Some of those recommendations turned into legislation that would have restricted the state’s ability to strip search and shackle juvenile offenders. But those bills have been effectively killed in the House of Delegates and are likely to suffer the same fate in the Senate. The House is expected to vote Thursday on legislation that requires the Department of Juvenile Services to provide lawmakers with information about its practices instead.
One bill prohibited shackling children when they are released or go home for a visit earned through good behavior, and when they leave from or travel to a less-secure facility — known as “staff secure” — unless they are thought to be dangerous or a flight risk. Children also could not be shackled for more than eight hours, and they would get a five minute break after four hours.

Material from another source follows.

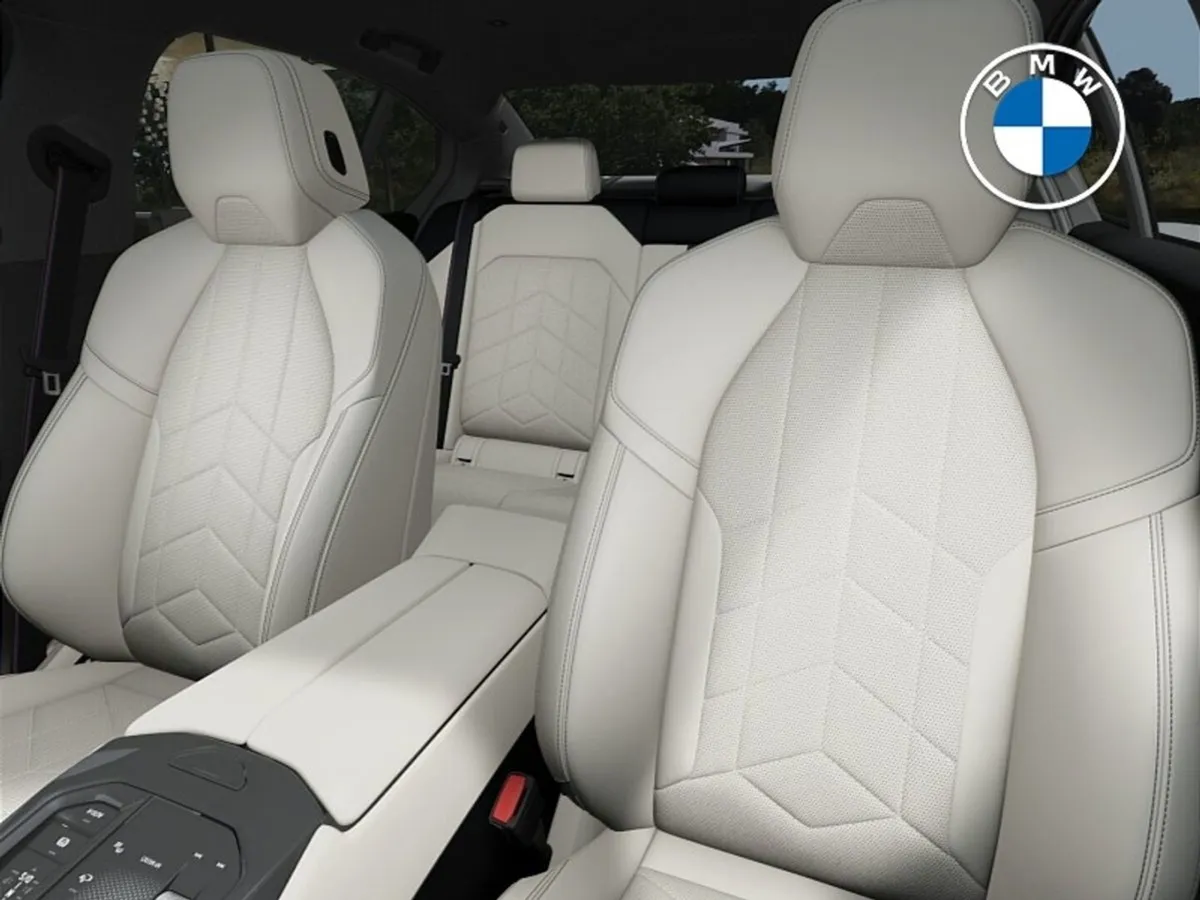BMW 5 Series 530e M Sport Pro - Image 4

But that bill didn’t make it out of committee in either the House or the Senate, “which was a disappointment for me,” said Del. Jay Jalisi, a Baltimore County Democrat and the bill’s sponsor in the House, “because for kids to travel for eight hours without a break in handcuffs and shackles without a break is — as a physician, I know it’s a lot of stress.”
Another of Jalisi’s bills prohibited strip searching children unless they were thought to be hiding drugs or weapons.
“You don’t just shackle kids. You don’t just strip search kids,” said Nick Moroney, director of the state’s independent Juvenile Justice Monitoring Unit, part of the Office of the Attorney General. “There should be a reason — there should be a real suspicion based on something that would prompt you to start down that road.”
But the House Judiciary Committee removed the strip searching prohibitions. The new bill, slated for a final vote in the House Thursday, requires the Department of Juvenile Services to update the governor and legislature by December on the changes it makes as a result of the task force recommendations.
DJS is already making changes, so it doesn’t make sense for the legislature to also put them in law, said Del. Curt Anderson, a Baltimore City Democrat who sits on the House Judiciary Committee.
“The task force met for a couple of months. They never visited a juvenile institution, and all their information came as a result of people coming to Annapolis for hearings,” he said. “Those three months, four months of hearings — never visiting a facility — cannot substitute for, I think, the wisdom of those who work with these kids every single day at the institutions.”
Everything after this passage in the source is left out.